Ragazzi di Vita, Pasolini’s first novel published in 1955, is a work that expresses a double rawness. To a narrative entirely written in Roman dialect (often completely incomprehensible and impenetrable) is added the sad story of a group of lower-proletariat boys, represented by Riccetto, abandoned by their parents and left to live the hard life of the street. The days of Riccetto and his friends are spent halfway between leisure (the usual baths in the dirty and polluted waters of the Tiber and Aniene), fencing, collecting and selling iron and other metal materials found in dumps, and some occasional thievery. In a seemingly orderly and rebuilt city after the War's disasters, the gang of adolescents grows and matures on the sordid streets of the suburbs, even being deliberately molested by the rich bourgeois pedophiles and pederasts who like to hide with their unconscious victims under bridges, railways, or by the riverbanks. The work concludes with the accidental death of Genesio, a daring little boy swallowed by the waters of the Aniene before the bewildered eyes of his companions.

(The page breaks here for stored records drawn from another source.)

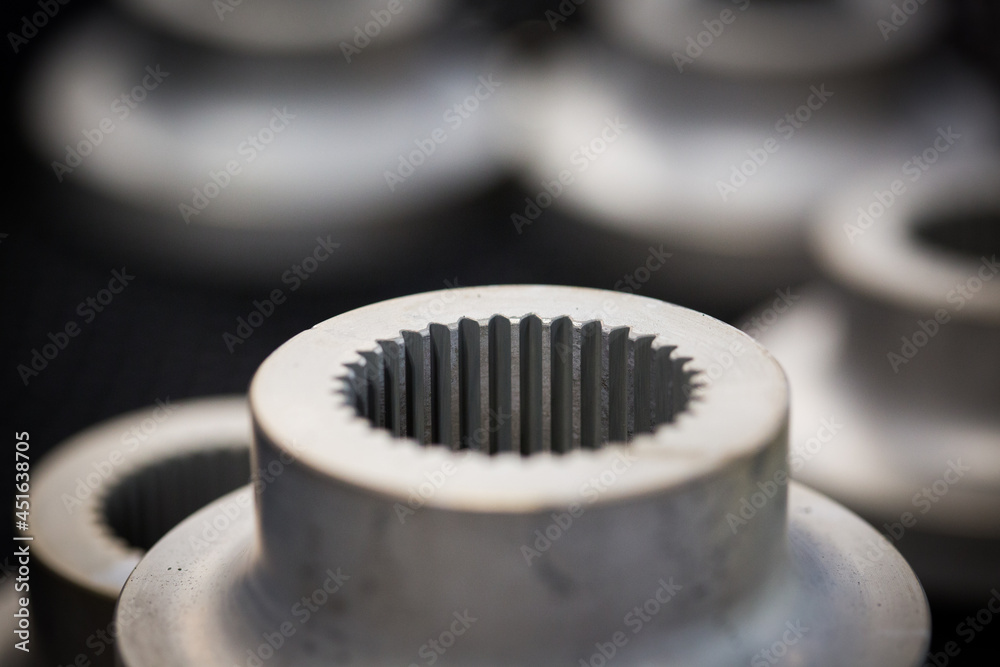 Circular machine part made of steel in a manufacturing plant Circular machine part made of steel in a manufacturing plant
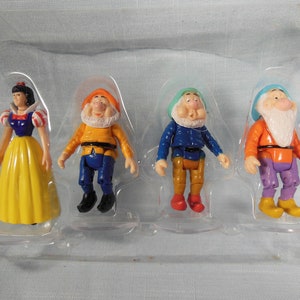 May include: A set of five plastic figurines from the Disney movie Snow White and the Seven Dwarfs. The set includes Snow White, who is wearing a yellow dress with a red and blue bodice, and four dwarfs. The dwarfs are wearing colorful clothing and have white beards.
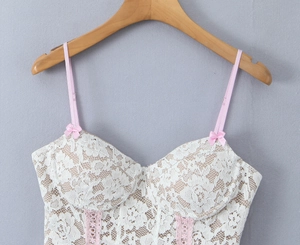 Close-up of floral lace bustier top with pink bow accents and satin shoulder straps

Excellent testimony of a post-war rebirth not quite successful, Ragazzi di Vita shocks with the intensity of the events deliberately reduced to a banal "daily routine". The hard street life, sleeping outdoors away from family and home, petty crime, and the absence of any intervention from above are conceived by the author and the protagonists of his novel as the sublimation of normality and custom for an outcast or marginalized person, confined and secluded at the corners of society. Riccetto and his colleagues even refuse to detach from the street, considered as their true mother, the protector of an Evil actually already inherent in torn humanity. Pasolini’s Rome is then the bridge between past and future, the crucible of a well-being that is late in asserting itself and which, however, does not seem to be particularly loudly requested by the gang of kids. It takes little to make them happy: a few pennies earned from selling scrap iron, a slice of pizza by the slice, and some other Roman gastronomic delights, a "Namo" towards the river, the dark alleys, and the beach of Ostia, a football match, a sleep under the stars, a warm nighttime discussion with tramps, prostitutes, and nomads. And this is what softens the harshness and rawness of the novel, which keeps the protagonists alive and "relaxes" the reader.

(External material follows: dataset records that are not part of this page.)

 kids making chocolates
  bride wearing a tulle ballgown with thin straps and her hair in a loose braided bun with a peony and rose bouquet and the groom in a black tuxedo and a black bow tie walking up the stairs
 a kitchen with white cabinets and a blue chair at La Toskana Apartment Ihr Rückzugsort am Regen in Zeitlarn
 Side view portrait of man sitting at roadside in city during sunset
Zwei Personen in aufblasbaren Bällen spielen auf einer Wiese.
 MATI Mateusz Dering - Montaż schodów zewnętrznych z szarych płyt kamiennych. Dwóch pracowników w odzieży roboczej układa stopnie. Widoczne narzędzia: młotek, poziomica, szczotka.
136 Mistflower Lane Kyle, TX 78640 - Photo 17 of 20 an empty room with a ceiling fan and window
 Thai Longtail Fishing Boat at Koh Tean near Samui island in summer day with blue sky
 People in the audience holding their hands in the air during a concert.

Ragazzi di Vita was also the first of the burdensome disputes between a brilliant mind and the archaic Italian justice, too moderate to understand the frankness of the work and the genuineness of the narrative. Pasolini and the Courts would argue until the tragic death of the author, splitting a country between hypocrisy and truth: conflicts that would have been the aircraft carrier for a revolution of customs and thought still unfinished and inadequate, suffocated by the politics of dreams and the fake welfare of illusions, the enemies that our Pier Paolo could not definitively defeat.